5.4. A completamento delle osservazioni che precedono, non può escludersi
che, in presenza di periodi autonomi venutisi a specificare nel corso del
1999, al momento dell’entrata in vigore delle modifiche recate dalla citata
legge finanziaria (1° gennaio 2000) risultasse già scaduto il termine per il
versamento dell’imposta a saldo e per la presentazione della dichiarazione
relativamente al periodo d’imposta in corso al 1° gennaio 1999. Può
essere, ad esempio, il caso di un soggetto per il quale, a seguito di
un’operazione di fusione ovvero, più semplicemente, di una modifica della
durata dell’esercizio, si sia individuato un periodo d’imposta 1° gennaIo
1999-30 giugno 1999. Al riguardo — anche prescindendo sul punto da ogni
considerazione in ordine alla possibilità, sul piano della legittimità, di
applicare con effetto retroattivo le nuove aliquote anche nelle descritte
situazioni — proprio sulla base dell’esaminata regola sugli acconti di cui
al citato comma 18 dell’articolo 6 sembrerebbe potersi desumere «a
contrariis» che, con riguardo ai periodi d’imposta chiusi prima del 31
dicembre 1999, le modifiche delle aliquote non interferiscano neanche sui
versamenti dell’imposta a saldo.
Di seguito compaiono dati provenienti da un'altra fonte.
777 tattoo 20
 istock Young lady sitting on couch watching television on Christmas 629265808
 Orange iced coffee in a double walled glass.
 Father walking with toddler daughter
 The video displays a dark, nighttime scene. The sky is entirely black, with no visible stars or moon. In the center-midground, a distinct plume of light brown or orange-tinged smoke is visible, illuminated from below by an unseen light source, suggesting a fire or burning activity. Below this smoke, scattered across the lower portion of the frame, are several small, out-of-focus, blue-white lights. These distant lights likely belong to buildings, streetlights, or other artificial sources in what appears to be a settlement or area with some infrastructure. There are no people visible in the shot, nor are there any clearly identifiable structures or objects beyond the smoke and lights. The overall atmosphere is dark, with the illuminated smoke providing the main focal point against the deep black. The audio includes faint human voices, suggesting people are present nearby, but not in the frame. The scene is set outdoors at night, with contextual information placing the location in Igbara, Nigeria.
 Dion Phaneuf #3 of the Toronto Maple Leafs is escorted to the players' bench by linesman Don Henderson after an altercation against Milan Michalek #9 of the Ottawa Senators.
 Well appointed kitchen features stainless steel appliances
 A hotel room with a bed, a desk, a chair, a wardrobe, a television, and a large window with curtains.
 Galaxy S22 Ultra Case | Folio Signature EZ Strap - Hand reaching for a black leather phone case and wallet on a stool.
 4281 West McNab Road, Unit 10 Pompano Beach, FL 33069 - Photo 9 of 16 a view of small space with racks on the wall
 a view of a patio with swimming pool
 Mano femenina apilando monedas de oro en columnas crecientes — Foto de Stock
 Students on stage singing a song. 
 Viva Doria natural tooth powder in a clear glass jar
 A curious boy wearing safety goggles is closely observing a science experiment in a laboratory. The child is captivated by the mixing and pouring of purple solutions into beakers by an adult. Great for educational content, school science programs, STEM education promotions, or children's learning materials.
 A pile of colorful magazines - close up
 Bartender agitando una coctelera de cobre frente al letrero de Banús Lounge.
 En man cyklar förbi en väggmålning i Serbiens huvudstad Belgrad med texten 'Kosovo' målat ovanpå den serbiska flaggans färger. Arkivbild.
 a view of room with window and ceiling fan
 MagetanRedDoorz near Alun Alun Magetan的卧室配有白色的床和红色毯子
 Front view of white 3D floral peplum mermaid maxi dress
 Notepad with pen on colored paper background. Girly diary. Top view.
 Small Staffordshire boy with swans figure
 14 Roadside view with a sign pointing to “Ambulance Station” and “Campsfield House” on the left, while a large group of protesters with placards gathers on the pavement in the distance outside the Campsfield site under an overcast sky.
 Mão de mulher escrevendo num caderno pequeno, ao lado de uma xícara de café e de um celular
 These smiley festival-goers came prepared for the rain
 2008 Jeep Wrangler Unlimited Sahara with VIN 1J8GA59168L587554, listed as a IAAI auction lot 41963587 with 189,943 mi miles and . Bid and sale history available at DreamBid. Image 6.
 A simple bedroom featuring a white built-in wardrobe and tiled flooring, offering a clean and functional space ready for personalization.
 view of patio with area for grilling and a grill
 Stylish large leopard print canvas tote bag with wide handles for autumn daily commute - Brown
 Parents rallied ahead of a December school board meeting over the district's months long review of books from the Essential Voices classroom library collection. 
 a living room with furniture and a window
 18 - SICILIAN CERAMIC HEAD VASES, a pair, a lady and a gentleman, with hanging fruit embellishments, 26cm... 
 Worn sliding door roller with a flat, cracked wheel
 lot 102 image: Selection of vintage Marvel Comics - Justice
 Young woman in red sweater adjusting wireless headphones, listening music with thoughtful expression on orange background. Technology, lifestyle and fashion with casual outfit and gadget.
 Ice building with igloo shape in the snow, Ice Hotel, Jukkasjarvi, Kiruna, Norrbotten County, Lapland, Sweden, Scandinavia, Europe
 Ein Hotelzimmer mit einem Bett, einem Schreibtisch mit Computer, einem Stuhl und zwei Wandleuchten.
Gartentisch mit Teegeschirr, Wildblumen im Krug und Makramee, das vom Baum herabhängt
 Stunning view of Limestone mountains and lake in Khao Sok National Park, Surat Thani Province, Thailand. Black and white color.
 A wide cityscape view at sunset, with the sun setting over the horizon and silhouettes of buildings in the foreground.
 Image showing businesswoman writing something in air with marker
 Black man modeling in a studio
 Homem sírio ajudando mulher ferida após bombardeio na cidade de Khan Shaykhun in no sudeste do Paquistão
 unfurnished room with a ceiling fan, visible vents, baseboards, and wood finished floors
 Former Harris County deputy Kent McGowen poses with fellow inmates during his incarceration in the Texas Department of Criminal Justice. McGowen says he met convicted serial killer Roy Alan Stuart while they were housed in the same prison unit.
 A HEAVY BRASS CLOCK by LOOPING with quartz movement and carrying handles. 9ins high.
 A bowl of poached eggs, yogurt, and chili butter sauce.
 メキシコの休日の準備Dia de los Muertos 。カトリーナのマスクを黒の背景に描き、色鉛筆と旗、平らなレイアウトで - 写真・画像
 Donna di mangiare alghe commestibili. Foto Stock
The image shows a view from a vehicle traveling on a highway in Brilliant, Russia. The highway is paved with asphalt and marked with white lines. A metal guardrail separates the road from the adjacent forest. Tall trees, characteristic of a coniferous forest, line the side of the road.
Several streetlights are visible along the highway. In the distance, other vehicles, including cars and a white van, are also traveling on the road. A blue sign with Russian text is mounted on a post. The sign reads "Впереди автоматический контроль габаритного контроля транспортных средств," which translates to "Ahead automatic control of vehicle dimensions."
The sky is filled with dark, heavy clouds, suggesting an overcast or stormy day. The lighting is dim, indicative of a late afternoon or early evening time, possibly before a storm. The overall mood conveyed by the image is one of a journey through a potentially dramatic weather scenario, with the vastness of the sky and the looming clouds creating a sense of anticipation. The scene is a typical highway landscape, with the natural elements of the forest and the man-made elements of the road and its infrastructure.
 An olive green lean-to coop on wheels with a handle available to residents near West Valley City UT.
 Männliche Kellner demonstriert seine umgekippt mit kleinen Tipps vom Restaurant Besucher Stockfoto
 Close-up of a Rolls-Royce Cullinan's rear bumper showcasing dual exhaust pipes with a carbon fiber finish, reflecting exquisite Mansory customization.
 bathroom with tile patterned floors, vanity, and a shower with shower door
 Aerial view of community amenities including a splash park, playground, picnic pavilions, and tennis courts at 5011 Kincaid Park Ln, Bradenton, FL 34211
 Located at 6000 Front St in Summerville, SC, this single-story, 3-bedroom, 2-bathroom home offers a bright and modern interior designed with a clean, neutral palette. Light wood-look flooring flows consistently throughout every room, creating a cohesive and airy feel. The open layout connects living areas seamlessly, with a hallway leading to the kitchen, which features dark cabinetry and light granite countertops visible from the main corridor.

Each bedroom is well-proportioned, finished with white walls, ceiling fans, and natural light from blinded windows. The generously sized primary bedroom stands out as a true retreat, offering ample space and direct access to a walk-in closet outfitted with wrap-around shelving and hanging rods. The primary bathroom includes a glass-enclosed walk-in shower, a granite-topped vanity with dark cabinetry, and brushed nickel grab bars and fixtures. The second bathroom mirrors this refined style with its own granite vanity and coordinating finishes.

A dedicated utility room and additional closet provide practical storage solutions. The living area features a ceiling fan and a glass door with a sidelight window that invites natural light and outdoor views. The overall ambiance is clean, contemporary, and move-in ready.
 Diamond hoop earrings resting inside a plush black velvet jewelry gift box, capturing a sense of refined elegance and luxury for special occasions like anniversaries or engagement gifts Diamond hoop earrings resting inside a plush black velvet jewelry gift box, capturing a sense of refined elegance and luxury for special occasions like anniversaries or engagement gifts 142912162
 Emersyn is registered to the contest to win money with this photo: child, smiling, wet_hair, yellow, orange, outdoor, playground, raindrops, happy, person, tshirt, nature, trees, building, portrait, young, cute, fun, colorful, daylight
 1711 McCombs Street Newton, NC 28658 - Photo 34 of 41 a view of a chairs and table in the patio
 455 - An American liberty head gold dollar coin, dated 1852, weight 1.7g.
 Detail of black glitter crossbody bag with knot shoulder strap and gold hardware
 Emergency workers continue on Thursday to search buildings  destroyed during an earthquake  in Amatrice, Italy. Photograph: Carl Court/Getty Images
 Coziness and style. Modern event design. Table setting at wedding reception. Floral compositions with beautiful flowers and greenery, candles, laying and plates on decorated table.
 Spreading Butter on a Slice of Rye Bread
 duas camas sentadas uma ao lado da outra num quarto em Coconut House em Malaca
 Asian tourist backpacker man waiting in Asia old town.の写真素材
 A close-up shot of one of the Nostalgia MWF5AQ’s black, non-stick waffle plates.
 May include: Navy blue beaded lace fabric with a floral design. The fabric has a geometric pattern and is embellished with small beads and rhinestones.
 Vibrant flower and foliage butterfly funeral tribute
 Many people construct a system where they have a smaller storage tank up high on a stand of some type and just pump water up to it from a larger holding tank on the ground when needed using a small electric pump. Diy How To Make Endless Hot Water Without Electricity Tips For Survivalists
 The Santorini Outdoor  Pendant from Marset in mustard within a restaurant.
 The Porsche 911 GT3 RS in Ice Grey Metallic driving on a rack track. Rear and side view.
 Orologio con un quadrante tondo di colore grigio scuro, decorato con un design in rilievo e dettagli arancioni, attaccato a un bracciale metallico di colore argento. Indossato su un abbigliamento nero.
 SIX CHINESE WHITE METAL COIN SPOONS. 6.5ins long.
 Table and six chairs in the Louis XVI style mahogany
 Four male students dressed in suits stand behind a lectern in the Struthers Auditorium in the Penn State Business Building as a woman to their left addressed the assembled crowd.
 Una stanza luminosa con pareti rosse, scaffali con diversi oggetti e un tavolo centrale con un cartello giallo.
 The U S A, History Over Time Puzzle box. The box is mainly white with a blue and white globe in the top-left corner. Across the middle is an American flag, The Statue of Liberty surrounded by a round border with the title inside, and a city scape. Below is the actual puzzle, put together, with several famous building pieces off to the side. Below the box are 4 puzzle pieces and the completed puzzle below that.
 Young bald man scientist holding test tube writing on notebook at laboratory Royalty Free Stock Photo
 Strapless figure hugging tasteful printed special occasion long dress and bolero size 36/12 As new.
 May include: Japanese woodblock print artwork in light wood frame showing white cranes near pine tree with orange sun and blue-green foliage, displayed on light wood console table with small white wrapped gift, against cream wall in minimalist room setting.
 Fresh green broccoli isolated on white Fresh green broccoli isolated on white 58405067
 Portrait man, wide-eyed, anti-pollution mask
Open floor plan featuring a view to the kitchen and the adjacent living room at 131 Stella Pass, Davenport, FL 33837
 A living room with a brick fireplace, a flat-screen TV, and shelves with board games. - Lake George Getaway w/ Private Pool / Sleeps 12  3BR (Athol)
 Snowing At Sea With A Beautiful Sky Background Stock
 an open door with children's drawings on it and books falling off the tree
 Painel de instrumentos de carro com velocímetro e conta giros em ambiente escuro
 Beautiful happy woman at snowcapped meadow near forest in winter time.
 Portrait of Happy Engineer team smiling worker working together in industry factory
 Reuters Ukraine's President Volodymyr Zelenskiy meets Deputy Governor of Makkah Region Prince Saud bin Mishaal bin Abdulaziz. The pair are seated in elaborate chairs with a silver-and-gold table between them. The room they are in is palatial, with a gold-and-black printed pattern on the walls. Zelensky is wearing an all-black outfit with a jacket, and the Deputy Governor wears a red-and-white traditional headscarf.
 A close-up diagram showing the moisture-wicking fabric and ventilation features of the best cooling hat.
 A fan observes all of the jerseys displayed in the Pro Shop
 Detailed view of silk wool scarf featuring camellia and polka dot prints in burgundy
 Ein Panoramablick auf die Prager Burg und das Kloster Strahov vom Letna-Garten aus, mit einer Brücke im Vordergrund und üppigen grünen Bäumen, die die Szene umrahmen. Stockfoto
Anche tale questione meriterebbe di essere
affrontata dal ministero delle Finanze. Va aggiunto, però, che ove si
propendesse per l’applicabilità retroattiva delle nuove aliquote anche per
i periodi già chiusi e con termine per il versamento a saldo già scaduto,
dovrebbero essere fornite idonee istruzioni attuative; ferma restando,
comunque, l’inapplicabilità delle sanzioni, nel rispetto dei principi posti
dal Dlgs n. 472 del 1997, nei confronti dei soggetti che abbiano eventualmente
liquidato l’imposta in base all’aliquota inferiore (5 per cento) vigente
al momento del suddetto termine di scadenza del versamento.